• [What you are asked to do]:
The response must consist of the lines from the one holding "Swirling Spiral Shape Silver Earrings" through the final line of the entries, given again exactly and without any pictures.

• [Web page caption snippets]:
##############################

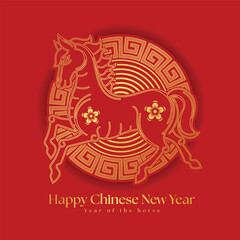Obraz na płótnie Canvas Happy chinese new year, Year of the horse - Gold line chinese horse zodiac on circle chinese line frame red background vector design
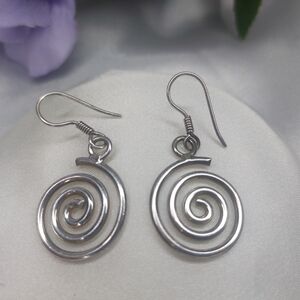 Swirling Spiral Shape Silver Earrings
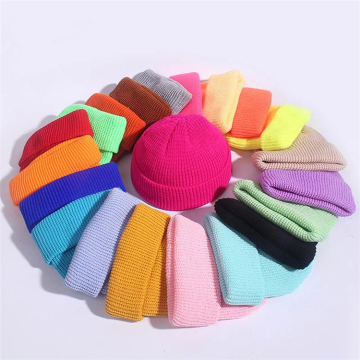 Ribbed Knitted Cuffed Short Melon Hat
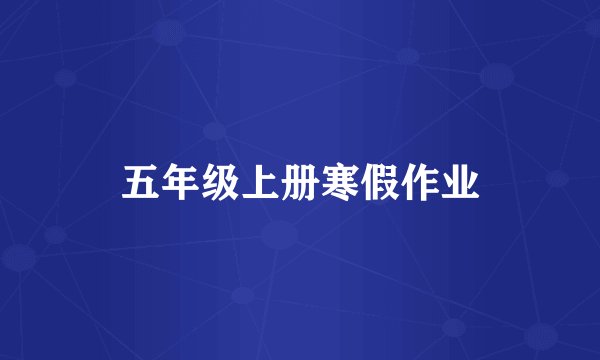 五年级上册寒假作业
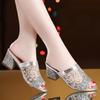 Woman Summer Sandals Open Toe Sandal Lace Dress Shoes Women’s High Heels Sandals Square Heeled Pumps Ladies Shoes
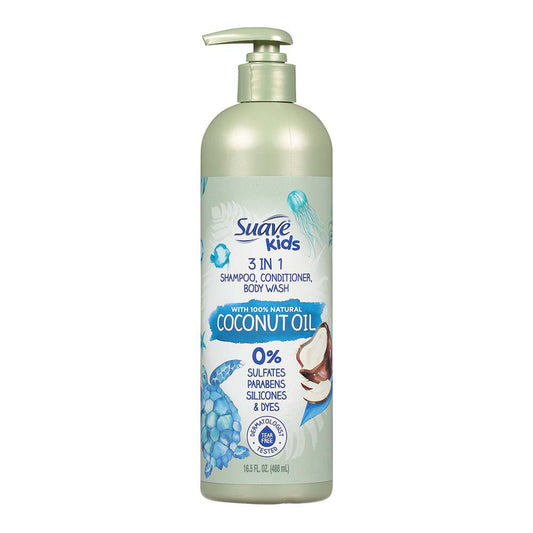 Suave Kids 3-in-1 Shampoo + Conditioner + Body Wash with Natural Coconut Oil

##############################

• [Finished task]:
 Swirling Spiral Shape Silver Earrings
 Ribbed Knitted Cuffed Short Melon Hat
 五年级上册寒假作业
 Woman Summer Sandals Open Toe Sandal Lace Dress Shoes Women’s High Heels Sandals Square Heeled Pumps Ladies Shoes
 Suave Kids 3-in-1 Shampoo + Conditioner + Body Wash with Natural Coconut Oil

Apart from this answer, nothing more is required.